**** DATA FOR THIS EXERCISE

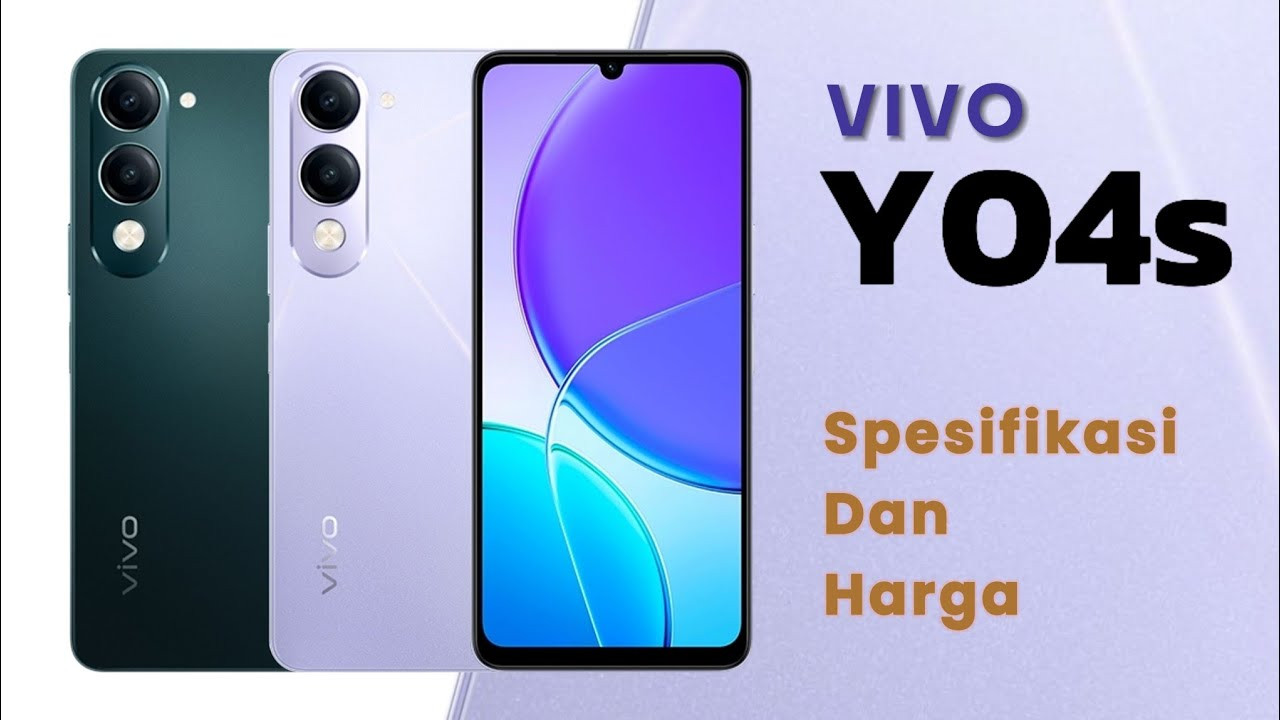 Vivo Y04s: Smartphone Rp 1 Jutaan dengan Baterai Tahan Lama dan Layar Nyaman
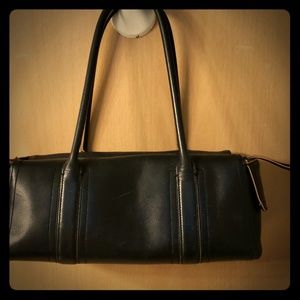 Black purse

********
**** DATA FOR THIS EXERCISE

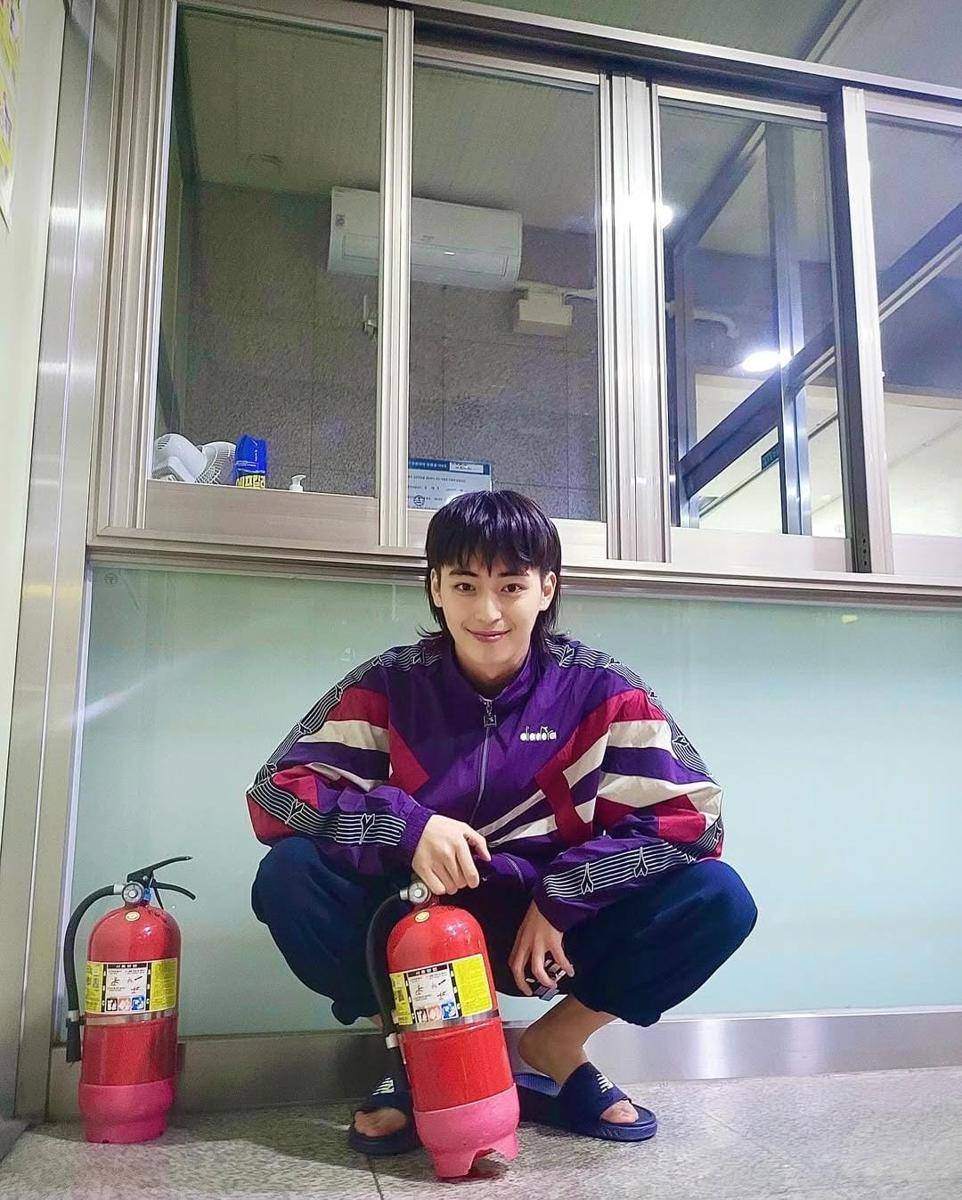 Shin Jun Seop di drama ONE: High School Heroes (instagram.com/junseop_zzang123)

********

Take the material above from the line containing "Vivo Y04s: Smartphone" up to and including the line containing "Black purse" and retype it exactly, without any pictures.

## SOLVED EXERCISE
 Vivo Y04s: Smartphone Rp 1 Jutaan dengan Baterai Tahan Lama dan Layar Nyaman
 Black purse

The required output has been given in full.